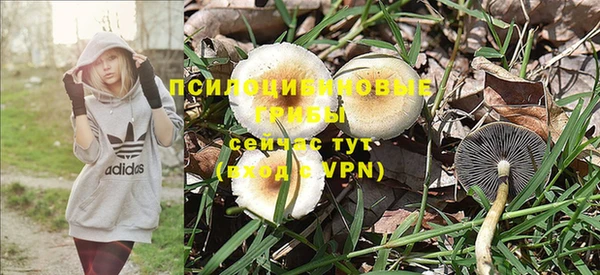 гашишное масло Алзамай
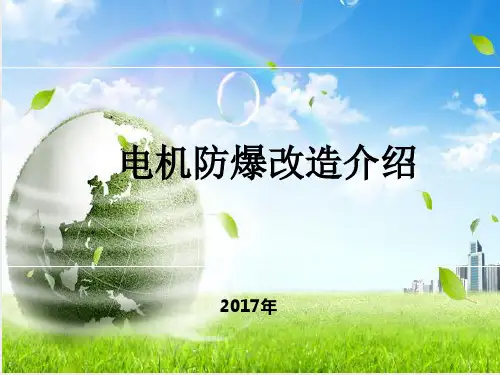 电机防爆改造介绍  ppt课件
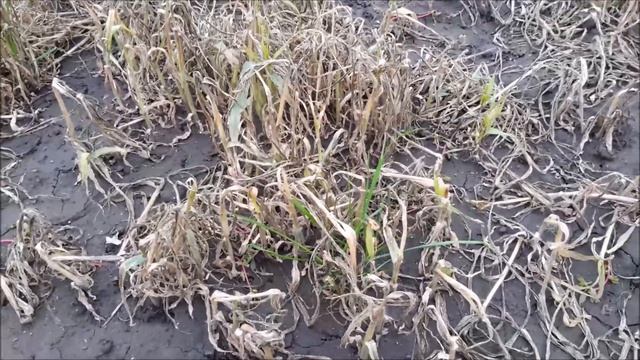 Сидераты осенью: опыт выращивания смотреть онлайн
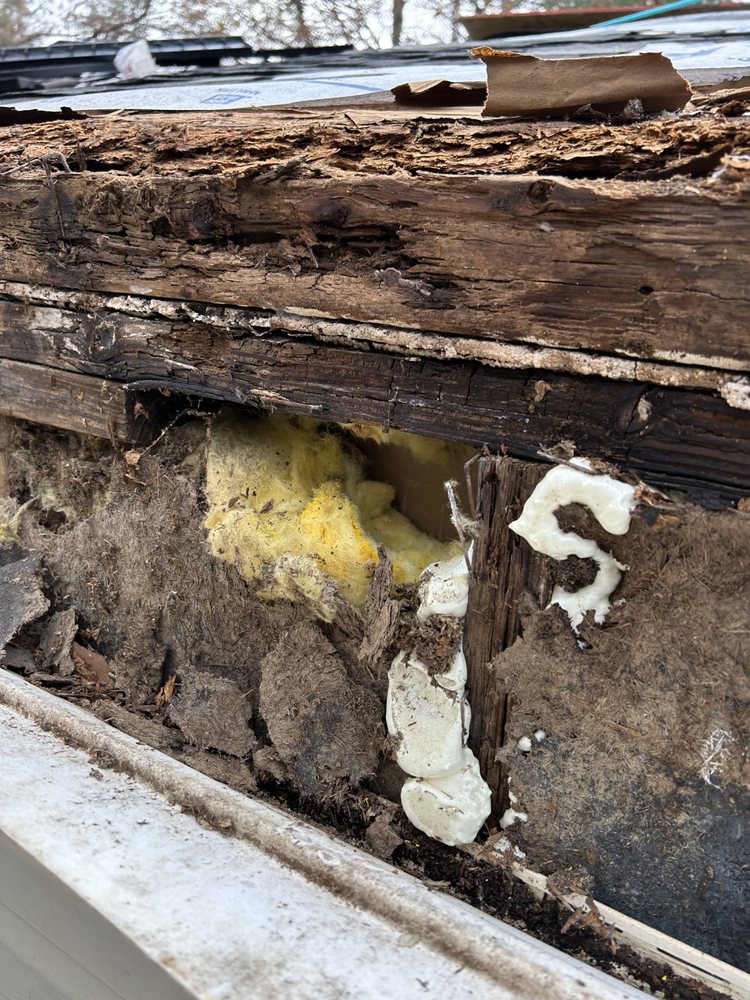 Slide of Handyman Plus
==
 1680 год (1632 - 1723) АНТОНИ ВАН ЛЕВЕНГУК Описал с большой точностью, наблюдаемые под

→ TRY IT
What should come back is an exact copy of the lines above from the line with "гашишное масло Алзамай" to the line with "Slide of Handyman Plus", both included, minus the pictures.

→ OUTPUT FOR THIS EXERCISE
 гашишное масло Алзамай
 电机防爆改造介绍  ppt课件
 Сидераты осенью: опыт выращивания смотреть онлайн
 Slide of Handyman Plus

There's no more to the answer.